§ What is being asked:
Only the lines from the one containing "USED 2016 66" to the end of the data should be copied, exactly and without pictures.

§ Provided information:
+ + +

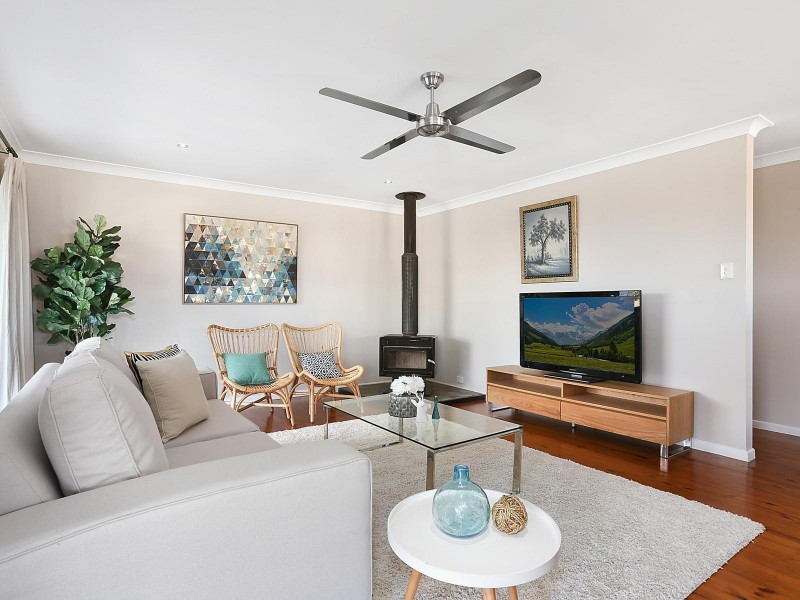 18 Broders Street, Bracken Ridge QLD 4017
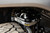 ICON 2024+ Toyota Tacoma 1.25in-3in Stage 8 Suspension System Billet w/ Triple Rate Spring - K53298S Photo - Mounted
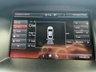 USED 2016 66 FORD FOCUS 1.0T EcoBoost Titanium Hatchback 5dr Petrol Auto Euro 6 (s/s) (125 ps) FULL SERVICE+AUTO+SENSORS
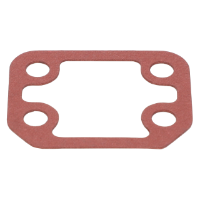 AGCO GASKET 72217733 Parts - True Ag & Turf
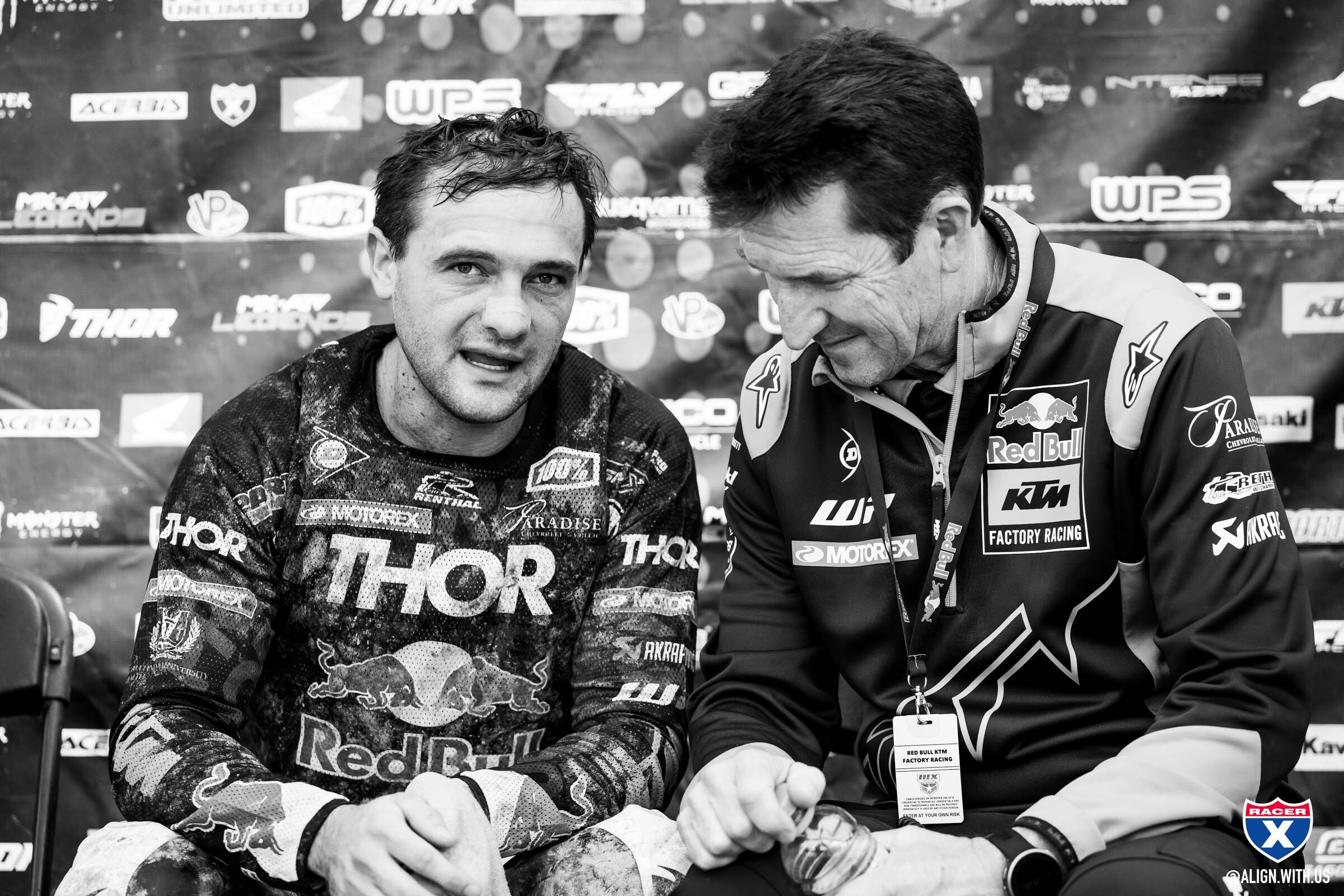 2023_HI_POINT_MX_ALIGN_MEDIA_X_RACER_X_078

+ + +

§ Answer section:
 USED 2016 66 FORD FOCUS 1.0T EcoBoost Titanium Hatchback 5dr Petrol Auto Euro 6 (s/s) (125 ps) FULL SERVICE+AUTO+SENSORS
 AGCO GASKET 72217733 Parts - True Ag & Turf
 2023_HI_POINT_MX_ALIGN_MEDIA_X_RACER_X_078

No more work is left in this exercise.